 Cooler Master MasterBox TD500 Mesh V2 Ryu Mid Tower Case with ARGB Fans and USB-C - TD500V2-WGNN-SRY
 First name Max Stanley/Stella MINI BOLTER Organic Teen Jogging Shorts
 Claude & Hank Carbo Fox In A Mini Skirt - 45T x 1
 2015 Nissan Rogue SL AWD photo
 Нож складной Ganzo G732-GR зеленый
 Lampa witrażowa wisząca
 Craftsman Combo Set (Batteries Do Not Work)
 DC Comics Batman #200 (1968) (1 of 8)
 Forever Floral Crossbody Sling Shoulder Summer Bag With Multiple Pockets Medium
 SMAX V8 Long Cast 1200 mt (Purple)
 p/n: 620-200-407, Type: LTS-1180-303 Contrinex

* * * * * * *

REQUIRED WORK =>
From the listing above, output exactly the run of lines that starts with the line containing "Claude & Hank" and ends with the line containing "DC Comics Batman #200 (1968) (1 of 8)".

THE COMPLETED TASK =>
 Claude & Hank Carbo Fox In A Mini Skirt - 45T x 1
 2015 Nissan Rogue SL AWD photo
 Нож складной Ganzo G732-GR зеленый
 Lampa witrażowa wisząca
 Craftsman Combo Set (Batteries Do Not Work)
 DC Comics Batman #200 (1968) (1 of 8)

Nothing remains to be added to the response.